Os números e palavras colocados no campo artificial próximo ao estádio do Estádio Municipal de El Alto, na cidade mais alta e de mais rápido crescimento da Bolívia, são motivo de orgulho para os moradores locais. Eles também servem como um alerta aos concorrentes.

“4150 MTS Alt. VOCÊ joga onde você mora.”

“Jogamos onde moramos” é o slogan exibido ao lado do número quatro, local incomum para um estádio de futebol. A 4.150 metros acima do nível do mar, a nova casa da seleção boliviana em El Alto é o mais difícil possível quando se trata de jogar em altitude.
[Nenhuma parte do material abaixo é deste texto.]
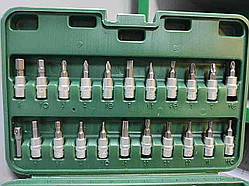Тріскачки, воротки, головки Б/У Grad Tools 6004015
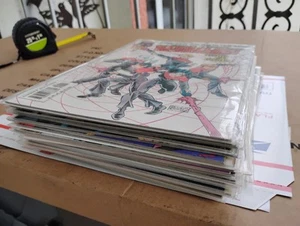 Star Trek: Starfleet Academy Complete Marvel Comics 1996-1998, Issue 1-19 + #18 - Picture 1 of 22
A Venezuela foi a primeira seleção internacional a visitar o estádio para as eliminatórias da Copa do Mundo, em setembro, e todos falaram dos desafios que aguardavam seus jogadores durante os exercícios respiratórios e de aclimatação à baixa pressão nos dias que antecederam a partida. ar. usando câmaras hiperbáricas.

A Venezuela perdeu por 4-0.

A próxima Bolívia enfrentará a Colômbia em El Alto, na quinta-feira, 10 de outubro – um time que perdeu apenas uma vez desde fevereiro de 2022 (final da Copa América de 2024 para a Argentina).

A Bolívia é um lugar difícil para jogar futebol, certamente nada de novo. Em seu livro Golazo!: Uma História do Futebol Latino-Americano, Andreas Campomar escreve como “o futebol boliviano construiu uma fortaleza no ar andino ao longo dos anos”, transformando o país em rivais formidáveis ​​em casa e contribuindo para um jogo notável. resultados, especialmente a vitória por 6 a 1 sobre a Argentina em 2009.

O técnico da seleção argentina, Diego Maradona, ficou furioso. “Cada golo foi como uma faca no meu coração”, disse ele.

Quanto aos pulmões dos seus jogadores, Maradona evitou a altitude de La Paz – 3.660m – como desculpa, o que poderia ter sido razoável se tivesse jogado no mesmo estádio um ano antes, aos 47 anos, para se manifestar. apoio à Bolívia depois que a FIFA proibiu em 2007 jogos internacionais em altitudes acima de 2.750 metros acima do nível do mar.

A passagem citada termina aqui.